9. REQZA

1K 41 4
                                    

Reqza menjadi diam, dia tak tahu harus bagaimana, seolah harinya terombang-ambing. Gerbang menuju basecame terdengar bergeser, tanda ada yang datang. Tanpa menunggu lama-lama, Reqza keluar dan berlari menuju seorang wanita yang berdiri mematung memandangi kekacauan pria tersebut.

"Req..." ucapnya lirih. Req tak mempedulikan Havva, ia hanya butuh sebuah pelukan dikala hatinya rapuh.

"Valeria, dia..." Havva berjalan, Req sudah setengah jalan dan berhenti di tengah-tengah. Havva berjalan menghampiri Req, dan Req pun memeluk Havva dengan erat.

"Havva, dia meninggalkanku.." ucap Reqza. Havva mengelus punggung Req dengan perlahan.

"Semudah itu, Havva. Dia menghempasku? Dia-," Havva hendak melepas pelukan Reqza, namun Req semakin mengeratkan pelukannya.

"Req, aku rasa kau harus melepas pelukan ini," ucap Havva kemudian. Reqza pun melepas pelukannya. Ia menatap Havva dengan lembut.

"Aku tahu kau bisa bicara, grandfa katakan itu di bukunya, tapi yang membuat penasaran mengapa kau tak katakan sejak lama?" Tanya Reqza. Havva hanya tersenyum.

"Aku tidak mau bercerita sambil berdiri, bahkan di halaman basecame mu," Reqza mengerti maksud dari ucapan Havva. Reqza pun menuntun Havva untuk masuk kedalam basecamenya.

"Apa yang membuatmu kemari?" Tanya Reqza. Havva menundukkan kepalanya. Ia kemudian membuk ponselnya dan memberitahu sebuah pesan yang ia dapat dari Valeria.

"Dia bodoh, apa kau setuju dengan ucapanku?" Tanya Reqza pada Havva. Havva hanya tersenyum. Ia tak tahu harus berkata apalagi, yang jelas ia kini merasa bersalah sekali.

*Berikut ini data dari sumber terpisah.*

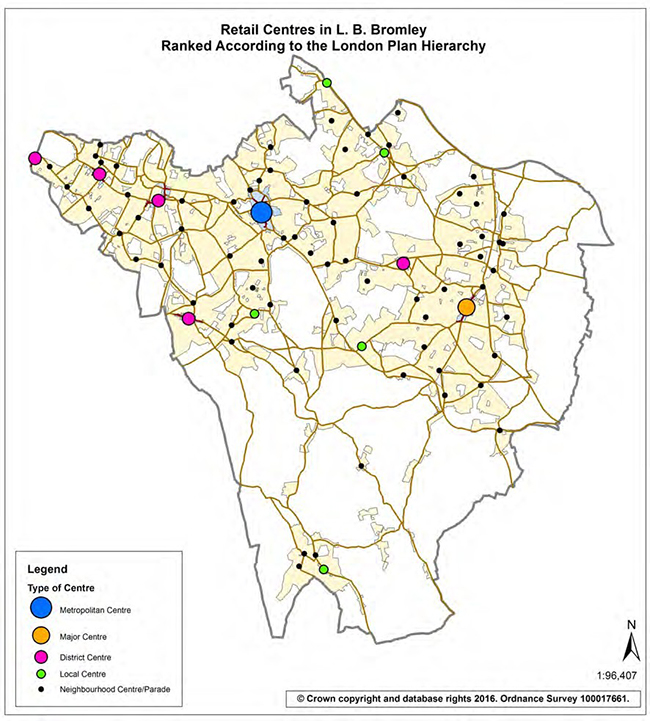 Map: Town Centre and Shopping Hierarchy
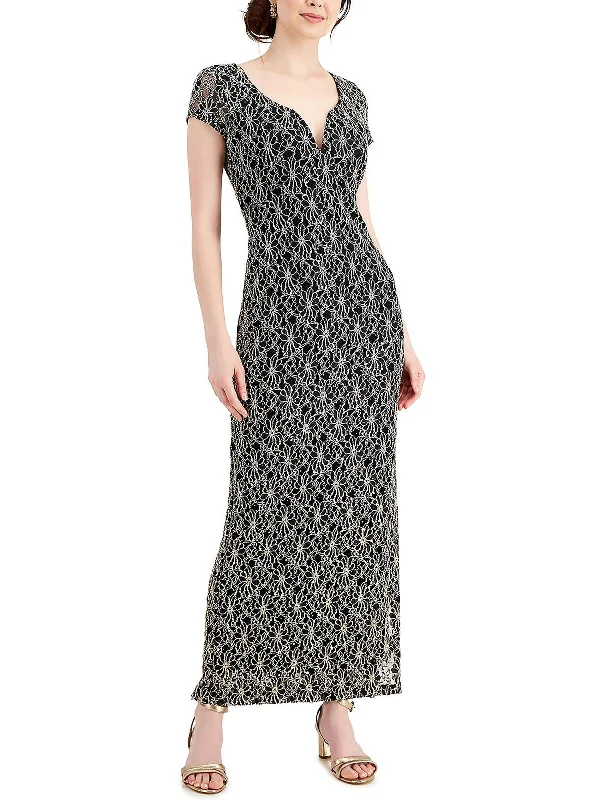 Womens Lace Overlay Sequined Evening Dress Sequin Dress Fit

"Mengapa kau layu seperti itu? Tenanglah.. aku mendapat pesan yang lebih pedih darimu.. sungguh sangat menyebalkan sekali, Valeria ini!" Reqza menahan rasa sedihnya, padahal Havva tahu pria itu sedang dalam kondisi sulit.

"Req, aku tidak ingin memiliki mu, aku tidak ingin menganggu hubunganmu dengan Valeria, keberadaanku jelas mengganggu sekali, hubunganmu pun menjadi rumit. Req, maafkan aku..." Havva menggenggam tangan Reqza dengan erat, kehadirannya membuat kacau rumah tangga Reqza.

"Havva, tidak ada yang salah menurutku. Kau datang bukan salahmu, sudah waktunya kau hadir dalam keluargamu lagi, namun kenyataannya sangat rumit." Ucap Reqza.

"Jangan bahas itu, biarkan saja." Reqza pun diam. Ia kembali memikirkan hubungannya dengan Valeria.

"Mungkin ini akhir dari kisah ku, hanya karena meminta keturunan dari Valeria, dia malah menceraikan aku. Naas sekali Nasibku.."

Req menarik napasnya.
"Valeria belum siap, mungkin itu yang tidak kau pahami Reqza."

"Havva, pernikahan ini sudah lama terjalin, kami hanya bermain-main saja, apakah dia tidak memikirkan kedua orangtuaku yang menunggu cucu dariku? Apa yang dia pikirkan? Mengapa dia tidak mau mengandung? Apa yang dia tunggu?" Req membuka semua kekecewaannya terhadap Valeria. Havva hanya mendengarkan keluh kesah Reqza, mengamati bahwa sebenarnya Req begitu menyayangi Valeria.

Havva menemani kegelisahan Reqza sampai siang, hingga Havva sendiri merasa lelah mengertikan sikap Req yang kadang berubah-ubah. Terkadang Req merasa sangat bersalah, terkadang juga Req merasa bahwa Valeria yang salah karena telah berani meninggalkannya. Menurut Havva keduanya sama-sama salah, mereka tidak saling memahami satu sama lainnya, membuat pernikahan mereka terpecah begitu saja.

"Mungkin benar, jika saja aku tidak mabuk saat itu, lalu aku tidak menganggap Valeria sebagai Zia, mungkin seharusnya aku menikah denganmu, Havva. Kaulah takdir ku, seharusnya grandfa mengatakan itu padaku, seharusnya ia menolak pernikahanku dengan Valeria.." ucap Reqza menyesal.